In 2014, the CFPB and FTC sued Mr. Mosley, together with various companies and other individuals. The companies sued by the CFPB and FTC included entities that were directly involved in making payday loans to consumers and entities that provided loan servicing and processing for such loans. The CFPB alleged that the defendants had engaged in deceptive and unfair acts or practices in violation of the Consumer Financial Protection Act (CFPA) as well as violations of TILA and the Electronic Fund Transfer Act (EFTA). According to the CFPB’s complaint, the defendants’ unlawful actions included providing TILA disclosures that did not reflect the loans’ automatic renewal feature and conditioning the loans on the consumer’s repayment through preauthorized electronic funds transfers.
In its complaint, the FTC also alleged that the defendants’ conduct violated the TILA and EFTA. However, instead of alleging that such conduct violated the CFPA, the FTC alleged that it constituted deceptive or unfair acts or practices in violation of Section 5 of the FTC Act. A receiver was subsequently appointed for the companies.

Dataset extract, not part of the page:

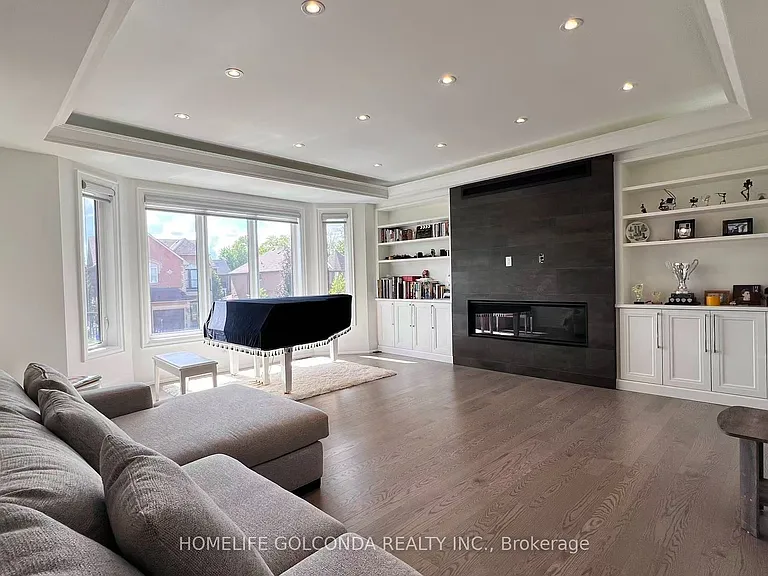 145 English Oak Dr — Photo 7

In November 2016, the receiver filed a lawsuit against the law firm that assisted in drafting the loan documents used by the companies. The lawsuit alleges that although the payday lending was initially done through entities incorporated in Nevis and subsequently done through entities incorporated in New Zealand, the law firm committed malpractice and breached its fiduciary obligations to the companies by failing to advise them that because of the U.S. locations of the servicing and processing entities, the lenders’ documents had to comply with the TILA and EFTA. A motion to dismiss the lawsuit filed by the law firm was denied.
In its indictment of Mr. Moseley, the DOJ claimed that the loans made by the lenders controlled by Mr. Moseley violated the usury laws of various states that effectively prohibit payday lending and also violated the usury laws of other states that permit payday lending by licensed (but not unlicensed) lenders. The indictment charged that Mr. Moseley was part of a criminal organization under RICO engaged in crimes that included the collection of unlawful debts.

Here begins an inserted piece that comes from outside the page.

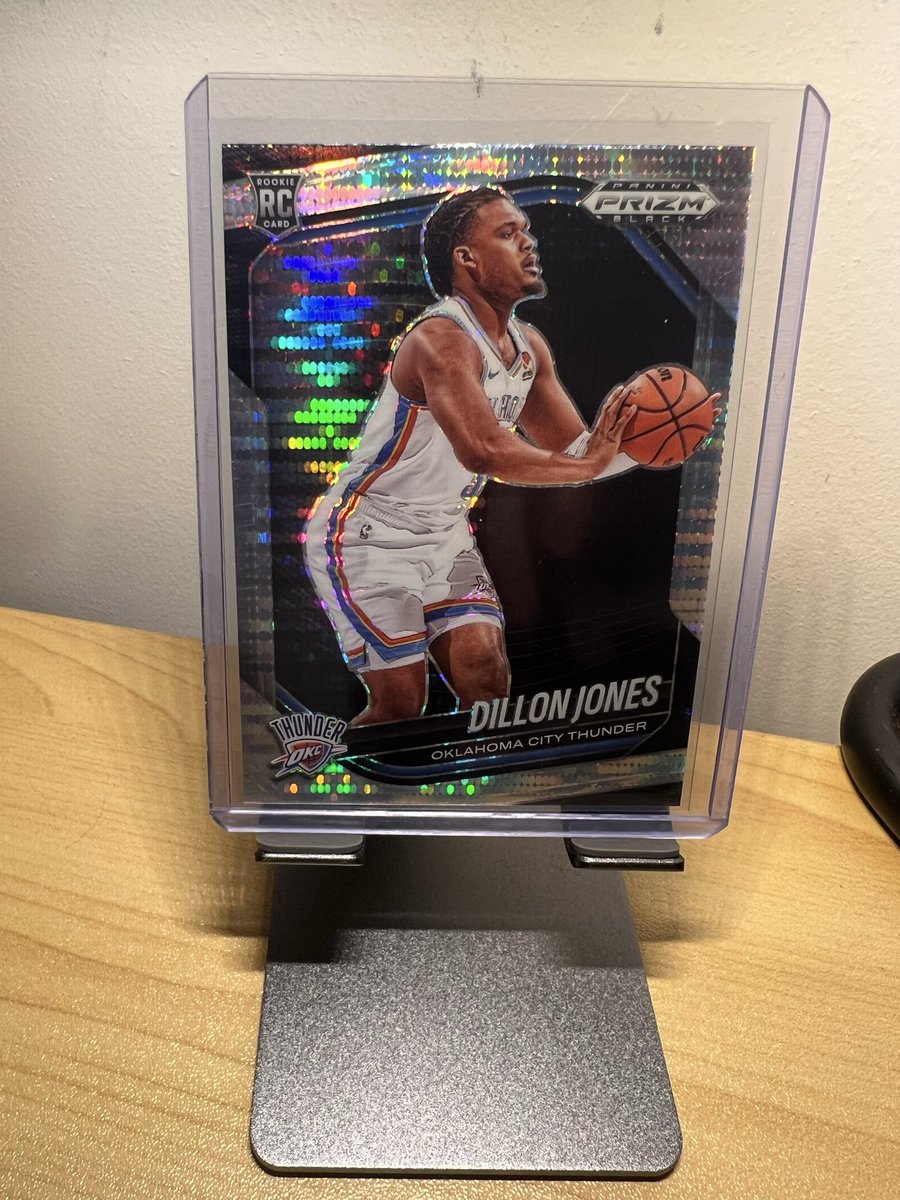 BasedCardGuy's tweet image. Check out Dillon Jones 2024-25 Panini Prizm Black Pulsar Prizm Rookie Thunder #204 ebay.us/m/SMimUB #eBay via @eBay #TBBRepost #TBBCrew #CardsForSale #NBA #Prizm #PrizmBlack #Thunder #DillonJones #OKC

In addition to aggravated identity theft, the indictment charged Mr. Moseley with wire fraud and conspiracy to commit wire fraud by making loans to consumers who had not authorized such loans and thereafter withdrawing payments from the consumers’ accounts without their authorization. Mr. Moseley was also charged with committing a criminal violation of TILA by “willfully and knowingly” giving false and inaccurate information and failing to provide information required to be disclosed under TILA. The DOJ’s TILA count is particularly noteworthy because criminal prosecutions for alleged TILA violations are very rare.

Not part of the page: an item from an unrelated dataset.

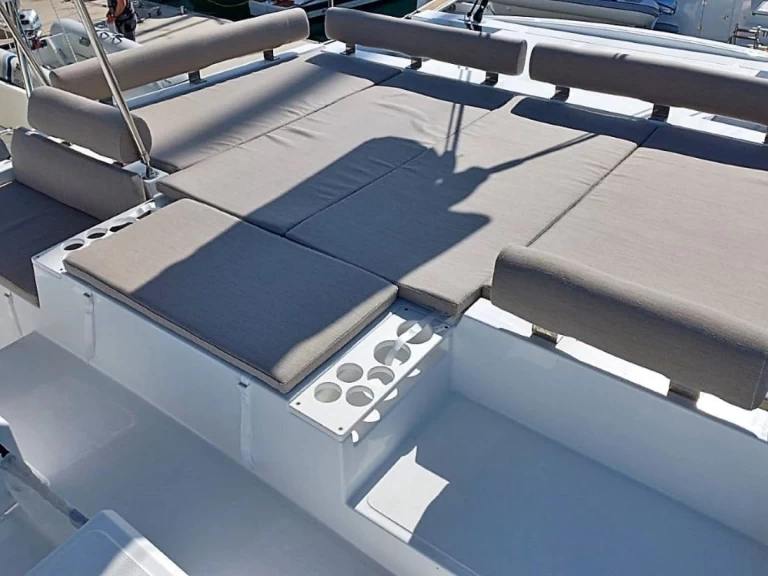 Bootverhuur Bali Bali Catspace Voile in Trogir via SamBoat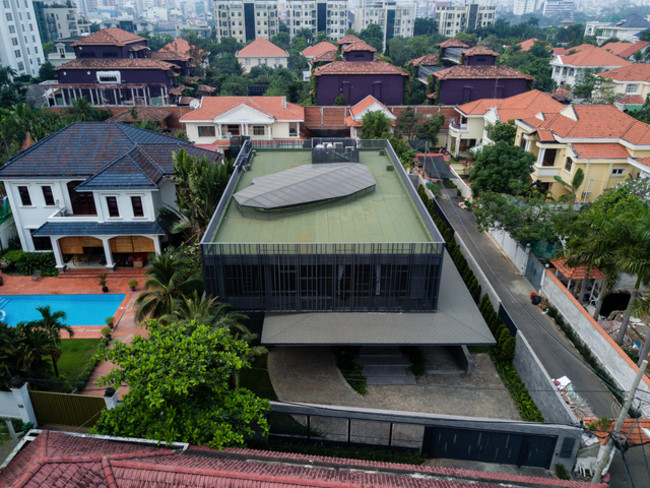 Cả ngôi nhà như một hộp thép đặt trên các cột, giải phóng hoàn toàn không gian tầng trệt khỏi những bức tường bê tông.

This is not the only recent prosecution of payday lenders and their principals. The DOJ has launched at least three other criminal payday lending prosecutions since June 2015, including one against the same individual operator of several payday lenders against whom the FTC obtained a $1.3 billion judgment. It remains to be seen whether the DOJ will limit prosecutions to cases where it perceives fraud and not just a good-faith disclosure violation or disagreement on the legality of the lending model. Certainly, the offenses charged by the DOJ were not limited to fraud.